Some of the problems raised by the global project have yet to be resolved. Can a global approach integrate artistic peripheries into the canons of a history still far too oriented towards the universalist and linear model that particularly crystallizes the notion of modernism ? If, since the publication of the work Provincialism (1962) by Sir Kenneth Clark, the history of art has been engaged in a reflection on the spatial dimensions of artistic production, and has thus called upon concepts of ’center’ and ’periphery’, these two notions are still being associated with a hierarchical conception of artistic production. This tendency—to designate artistic "peripheries” as places where artistic production is less decisive for art history than in the presumed centers for artistic activity—remains strong to this day.
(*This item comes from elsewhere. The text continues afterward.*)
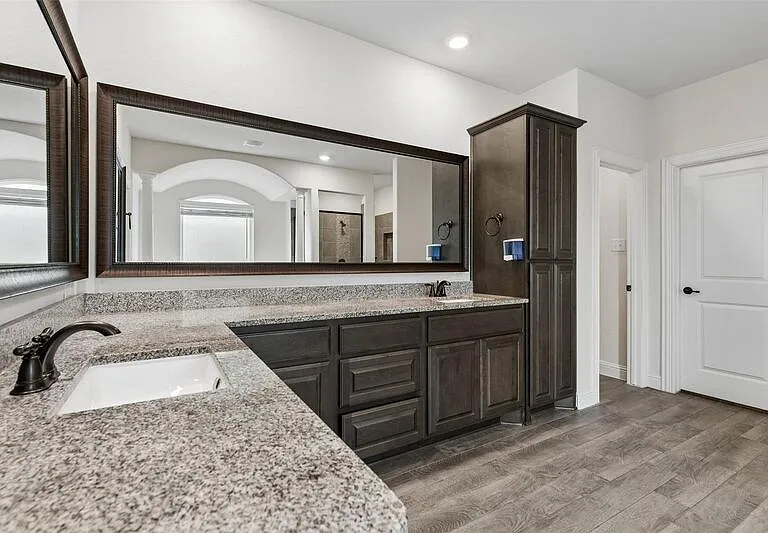 2513 Loudon St W — Photo 22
How do we overcome these prejudices, themselves linked to a historiography strongly determined by the canons of Western modernism focused first on Italy, then Paris, and finally New York ? Indeed, if only it were a question of embracing forgotten areas research, the historian would never leave this hierarchical presupposition. Retaining a canon in which the periphery would be measured as the focal point would further exile and subject the peripheries to a cartoonish diffusion model. However, by refusing to follow issues of progress or to compare them to the canon, peripheries are all the more excluded by forcing them to be places of "specificity" unrelated to the history of the so-called centers. Generally speaking, the very idea of a global history, where all would have a place, does not come out of Western conceptual models (James Elkins, Is Art History Global ?). Rather, this notion has been brought about by Western institutions—universities or museums—which always seem to win at the game of globalization which even the contemporary art market was able to absorb. Finally, the valorization of non-Western areas elicits the production of new peripheries : it has created a destructive Western model, more overbearing than what one would have thought because it drowns the stories and productions of already outlying areas in an even stronger oversight : specialists of Western or, in particular, Eastern European art cannot find their place in the discipline.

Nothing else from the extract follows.